Os bons escritores são aqueles que conseguem colocar os leitores na pele do outro. Creio ser essa a maior virtude da leitura. Ao entrar na pele de diferentes narradores, ao sentir-se parte de outras vidas, o leitor vai-se percebendo também parte da restante Humanidade. Tenho para mim, e atrevo-me a partilhar com vocês esta convicção — ingenuidade, dirão os cínicos —, que os grandes leitores tendem a ser menos inclinados à violência. Primeiro, porque a violência é sempre um recuo do pensamento. Depois, porque a leitura, enquanto exercício de alteridade, aproxima as pessoas.
Venho de um país que sofreu uma
das mais longas e cruéis guerras civis do nosso tempo. Os fazedores de guerras
civis sabem que, para triunfarem, têm de começar por desnacionalizar o inimigo.
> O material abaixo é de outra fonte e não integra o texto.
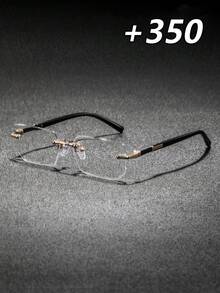 1 Pair Men's Middle-Aged And Elderly Rimless Rectangular Reading Glasses, Low-Key Luxury Elegant Versatile Business Style, Suitable For Business Meetings, Daily Commute, Casual Wear And Hosting - Gold - View 16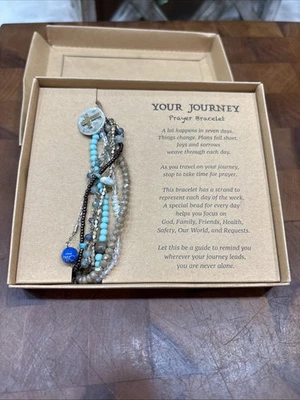 Demdaco Your Journey Multistrand Beaded Cross Prayer Bracelet - Image 1 of 4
A seguir, passam a questionar a sua humanidade. Primeiro, o inimigo é um
estrangeiro, depois um monstro. Um monstro, ainda para mais estrangeiro, pode
ser morto. Deve ser morto.
A boa literatura trabalha em
sentido contrário. Dá-nos a ver a humanidade dos outros, inclusive dos que nos
são estrangeiros. Inclusive dos monstros.